梨木果歩さんといえば『西の魔女が死んだ』がベストセラーです。
自分が一番初めに読んだのはなんだろう。
と思い出していたのですが、思い出せず…たしか中学校の図書館で借りた『りかさん』だったような。この世界観好き!と感じてその頃からコツコツ読んでます。
梨木さんの作品全体を通して言えることは自然の美しさを文体から感じられることです。
壮大で人間の理解の範疇を超えた不思議なものがいっぱい詰まっている自然に出会うことが出来ます。
『家守奇譚』なんかはその最たるものかもです。
河童や小鬼、狸などのありえないもの達が加わっているのに、物語の中では周囲のものとそれらが溶け込んでいてこちらもすんなり受け入れられます。
自然の度量の大きさ?寛大さ?というんですかね?そういうのも伝わってきます。
私としては特にエッセイの『春になったら苺を摘みに』がいいですね。
作者が学生時代を過ごしたイギリスの下宿やさんの「ウェスト夫人」を中心に、彼女の周囲の人々との交流や出来事のエピソードがたくさん語られています。
イギリスの自然豊かな風景がまざまざと浮かんで、こういう環境の中で西の魔女のプロットが生まれたんだとわかります。
自然の描写はもちろんですがこのウェスト夫人もまた魅力的な人に描かれていて。
異なる思想や価値観を持った人に対して、「理解はできないが受け入れる」精神を持つ彼女の考えは、私たちの人間関係に幅広く役に立ちそうな考えです。
カウンセリングでも受容は基礎中の基礎のように口酸っぱく聞かされますが、受容とは言っても人それぞれその感覚は違うと思うんですよね。
ウェスト夫人のこの姿勢もそのうちのまた一つということで、大変参考になりました。
受容についてはまた別の機会に書こうと思っています。
話を戻して、この本の中にでてくるウェスト夫人は、あくまで梨木果歩さんというフィルターを通して私たちに伝えられているものなんですよね。
実際のウェスト夫人に私たちは出会っていないし、別の人が彼女のことを文章にしたら全く別の我の強いおばさんが現れるかもしれない。
これは文章を読む際にいつも思うことなのですが、文章に表されていることは事実であっても作者というフィルターを通ってきているわけですね。
そのフィルターは作者のものの見方、とらえ方、きりとり方などが色濃く出ているので、そこから作者の人間性や価値観なども一緒に感じ取ることができる気がします。
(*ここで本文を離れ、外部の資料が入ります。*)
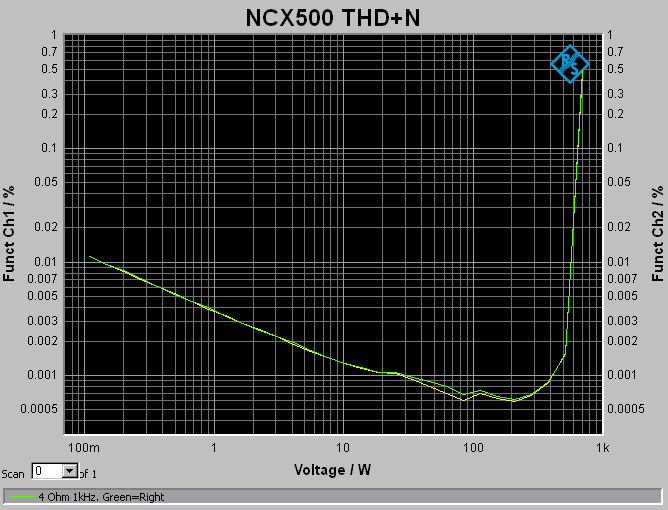 NCx500 Hypex buffer_THD+N.png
そう考えると、エッセイの良いところの一つはフィクションではない現実の出来事を、この作者はどう視ているのかを知ることができるというところですね。
その人の世界との向き合い方が垣間見えるというか。
こういう考え方ってなんていうんでしたっけ。
完全な客観的な事実は存在しないで、すべて目に見えるものは主観的なものである的な思想。哲学に詳しくないのでぱっと思いつきませんが、カントととかに近い感じ?
詳しい方教えてください(笑)
『裏庭』は日本版『はてしない物語』だと勝手に思っています。
児童文学の枠のようですが、読み応えたっぷりで、読後は長い冒険から帰ってきた気分味わえますよ!
解説が河合隼雄先生なのも自分的にはポイントが高いです。
それほどこの作品には、心の動きや成長の要素的描写がたくさん詰まっているということですよね。
河合先生の「人間にとって、『庭』はおそらく完成することはないのであろう。死ぬまで――いや、死んでからも――庭師の仕事は続くのであろう」という言葉は、人間存在への問いでしょうか。
児童書だけど本当に奥深い。
ページ数は多いけれど何度も読み直して読み解いていきたい作品です。
梨木さんの文章は本当にピュアで、将来こういうものの見方のできる人になりたいなといつも思います。
気持ちが少し疲れている時に読むと、すーっと和まされるそんなお話しが多いのです。
お疲れの方や、日常からちょっと離れて不思議な世界を覗きたい方におすすめです。